Her case underscores the current debate in Britain about the criminal justice system. Shortly after the coalition government took over in May, the new justice secretary Kenneth Clarke suggested that jailing people didn’t work.

"There is no link between rising levels of imprisonment and falling crime," he said as he launched his campaign against short prison sentences.

Prime Minister David Cameron has also described short jail terms as "meaningless" and has called for more community service programs.

Last year Britain spent 4.38 billion pounds ($6.79 billion) on its penal system and 20 billion pounds ($31 billion) on its criminal justice system, making it one of the most expensive in the world.

British Minister for Policing and Criminal Justice, Nick Herbert, said in a recent speech: “We spend more of our GDP on criminal justice than France, Ireland and Italy.” 

Perhaps nothing more acutely illustrates the need for reform than the plight of female prisoners.

Not since the mid-19th century have there been so many women in British jails. Britain’s female prison population has increased 60 percent since 1997, compared with a 28 percent increase for men.

“Practically every country in the world, rich and poor, is seeing their social fabric disintegrate as more and more women are being charged and held in custody, often long distances from families,” the World Health Organization noted in a report last year.

While women make up only 7 percent of inmates in state and federal prisons in the United States according to the Bureau of Justice Statistics, between 2000 and 2008, the female prison population in America rose by 23 percent.
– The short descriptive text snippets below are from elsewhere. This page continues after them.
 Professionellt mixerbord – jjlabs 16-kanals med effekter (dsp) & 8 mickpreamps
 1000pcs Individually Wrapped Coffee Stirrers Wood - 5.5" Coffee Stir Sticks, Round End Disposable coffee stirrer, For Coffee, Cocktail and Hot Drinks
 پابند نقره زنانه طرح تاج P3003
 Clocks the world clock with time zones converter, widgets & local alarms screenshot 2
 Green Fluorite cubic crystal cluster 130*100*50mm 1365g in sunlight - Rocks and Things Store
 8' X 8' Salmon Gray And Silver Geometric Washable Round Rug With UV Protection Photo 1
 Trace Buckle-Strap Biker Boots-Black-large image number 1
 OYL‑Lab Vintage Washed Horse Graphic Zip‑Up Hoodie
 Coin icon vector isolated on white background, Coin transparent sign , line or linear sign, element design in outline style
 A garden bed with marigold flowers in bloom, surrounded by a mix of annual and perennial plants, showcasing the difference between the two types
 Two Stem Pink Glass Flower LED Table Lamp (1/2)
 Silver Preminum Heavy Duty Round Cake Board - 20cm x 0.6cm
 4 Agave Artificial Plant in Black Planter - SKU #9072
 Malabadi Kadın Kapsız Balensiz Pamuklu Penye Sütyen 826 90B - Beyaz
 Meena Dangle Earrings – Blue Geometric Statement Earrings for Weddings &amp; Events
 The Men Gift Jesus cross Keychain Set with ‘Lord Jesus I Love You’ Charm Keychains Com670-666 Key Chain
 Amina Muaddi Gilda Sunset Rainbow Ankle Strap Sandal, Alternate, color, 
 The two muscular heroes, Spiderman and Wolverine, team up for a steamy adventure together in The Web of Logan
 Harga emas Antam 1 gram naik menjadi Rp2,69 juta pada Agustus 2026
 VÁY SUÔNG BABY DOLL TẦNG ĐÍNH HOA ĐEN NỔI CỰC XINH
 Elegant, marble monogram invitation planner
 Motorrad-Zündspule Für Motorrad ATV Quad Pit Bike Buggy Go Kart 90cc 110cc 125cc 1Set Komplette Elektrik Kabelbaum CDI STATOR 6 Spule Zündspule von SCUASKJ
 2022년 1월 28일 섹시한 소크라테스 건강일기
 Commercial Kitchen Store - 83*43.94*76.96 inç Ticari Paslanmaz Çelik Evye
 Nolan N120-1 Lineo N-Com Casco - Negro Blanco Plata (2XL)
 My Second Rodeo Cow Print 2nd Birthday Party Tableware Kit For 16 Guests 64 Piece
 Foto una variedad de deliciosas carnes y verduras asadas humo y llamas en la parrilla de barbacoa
More than half of women in federal prisons said they were mothers.

In Australia, the imprisonment rate for women rose by 209 percent between 1984 and 2003, but only 75 percent for men, according to the report “New Gender Rights for Women Prisoners and Offenders."

A report by a British penal reform charity, The Prison Reform Trust, revealed that a staggering 70 percent of British female prisoners had two or more mental health problems; more than a third said they had attempted suicide at some point. More than half of women in British prisons had suffered from domestic violence and one in three had been sexually abused, according to the trust.

Despite these facts, and evidence that prison has more serious psychological implications for women than men, the specific needs of women prisoners are being overlooked, prison reform advocates say.

According to The Howard League for Penal Reform, which was founded in 1886, women account for around half of all self-harm incidents even though they constitute only 5 percent of the prison population overall. The problem appears to be getting worse: incidences of self-harm rose by nearly 50 percent between 2003 and 2007.

Based on an inspection of 14 women’s prisons, Anne Owers, chief inspector for prisons for nearly a decade, said that more must be done to protect vulnerable inmates. Owers, who retired earlier this month, raised concerns that prison staff were resorting to extreme measures to stop inmates from wounding themselves.

“More work is needed to create and properly use viable and more appropriate alternatives to prison,” she said.

Owers referred to a report for the Home Office three years ago that recommended women’s prisons be shut down, and that women should be held in small facilities near their families. 

Highlighting the need for an alternative to incarceration, such as community service, 68 percent of women in prison were serving time for non-violent offenses, according to parliamentary figures, and nearly three-quarters had sentences of less than 12 months. 

Nearly 70 percent of women in prison are mothers and each year 17,000 children are separated from their mothers by imprisonment, according to the Prison Reform Trust. Advocates argue that community sentences are less destructive to families and society.

Studies also suggest that community service may be more effective in dealing with minor crimes.

Only 10 percent of women committed another offense following community service, as opposed to 64 percent of women who were repeat offenders after serving time in prison, according to The Howard League.